A escrita, nesse sentido, não é só memória — é também ritual de esquecimento. Não para apagar o vivido, mas para devolvê-lo ao fluxo da vida, com menos peso e mais forma.
Quem escreve se desloca entre o lembrar e o deixar ir, como quem acende uma vela apenas para iluminar o que precisa ser visto. Escrever, então, não era só lembrar. Era também libertar. Um modo de deixar o pensamento descansar fora do corpo.
“Escrever é defender a solidão na qual a gente se encontra, é um isolamento compartilhável.”
— María Zambrano
Gosto de pensar o gesto de escrever como quem se prepara para receber uma amiga.
Antes de abrir a porta, ajeitamos o espaço: acendemos uma luz suave, varremos o excesso, deixamos uma cadeira vazia à espera.
A escrita também precisa dessa hospitalidade.
Ela não entra em ambientes apressados, cheios de ruído — gosta de silêncio, de chá quente, de um corpo disposto a escutar.
Preparar a casa para escrever é limpar o tempo por dentro.
Desligar notificações, abrir um intervalo, respirar fundo.
É dizer: “pode entrar, estou te esperando”.
Porque a escrita não chega quando queremos, mas quando criamos o clima para que ela se sinta em casa.
E quando ela vem, traz histórias, memórias, perguntas.
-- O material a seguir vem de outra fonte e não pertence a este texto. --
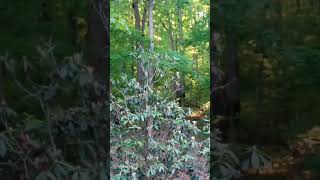 Tufted Titmouse singing [upl. by Anaerol243]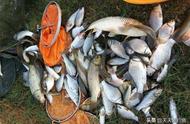 春季钓鱼指南：掌握阶段性技巧，确保渔获丰收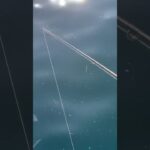 堤防から根魚を狙う🐟アイナメフィーバー🎣#海釣り #首振りダンス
Às vezes fala muito; às vezes apenas se senta ao nosso lado, em silêncio. O importante é deixá-la ficar.
Dormir, sonhar e aprender
A neurociência mostra que escrever ativa múltiplas regiões cerebrais, fortalecendo as conexões da memória. Escrever à mão, especialmente, envolve corpo e ritmo — transforma o pensamento em gesto, o gesto em lembrança.
Ao escrever sobre o dia, revisamos o vivido: reconstruímos mentalmente os eventos, as emoções, os detalhes. É como dizer ao cérebro: guarde isso, é importante.
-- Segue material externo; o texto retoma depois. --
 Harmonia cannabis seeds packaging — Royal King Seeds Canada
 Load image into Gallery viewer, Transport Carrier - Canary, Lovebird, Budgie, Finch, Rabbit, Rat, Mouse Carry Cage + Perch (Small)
O mesmo acontece com os sonhos: quando anotamos um sonho logo ao acordar, facilitamos o processo de lembrá-lo nas noites seguintes. A psique entende que essas imagens têm valor e começa a nos oferecer mais fragmentos, como se dissesse: agora você está ouvindo.
A escrita cotidiana nos ajuda a perceber o que está vivo em nós.
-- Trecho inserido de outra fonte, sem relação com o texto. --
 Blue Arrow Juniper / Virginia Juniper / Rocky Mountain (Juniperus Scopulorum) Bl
Não é preciso ser escritora para escrever.
A escrita não pede perfeição — pede entrega.
Um diário pode conter apenas uma frase: “hoje acordei triste” ou “sonhei com o mar, mas a água era escura”. Cada registro é uma pequena ancoragem no real.
Quando escrevemos, transformamos o ruído em linguagem. E ao fazer isso, nos transformamos também.
Vivemos cercadas por estímulos. O excesso de telas e informações enfraquece nossa capacidade de atenção.
Estudos mostram que muitas pessoas já não lembram nem dos últimos cinco posts que viram nas redes sociais.
A informação passa, mas não se transforma em experiência.
A leitura profunda e a escuta interior parecem estar se tornando cada vez mais raros.
Mas a escrita ainda pode ser um antídoto.
Escrever desacelera o pensamento, dá contorno às ideias, reativa o músculo da presença.
Escrever um diário é uma forma de meditar sobre si. Um sonhário, uma meditação noturna.
Ambos nos convidam a reduzir o ruído do mundo e voltar o olhar para dentro.
Escrever à mão, especialmente antes de dormir ou ao despertar, pode se tornar um pequeno ritual de reconexão.
Reserve um caderno só para isso.
Todas as noites, escreva algumas linhas: o que te tocou, o que te incomodou, o que te fez rir, o que sonhou. Mesmo que pareça banal.
Aos poucos, você começa a notar padrões, desejos, repetições, sonhos que voltam.
A escrita é como um espelho delicado: o que escrevemos nos lê de volta. Num tempo em que tudo se apaga tão rápido, escrever é um ato de amor — amor ao que fomos, ao que somos e ao que ainda podemos ser.
Pois ao fortalecer a memória, também fortalecemos nossa história.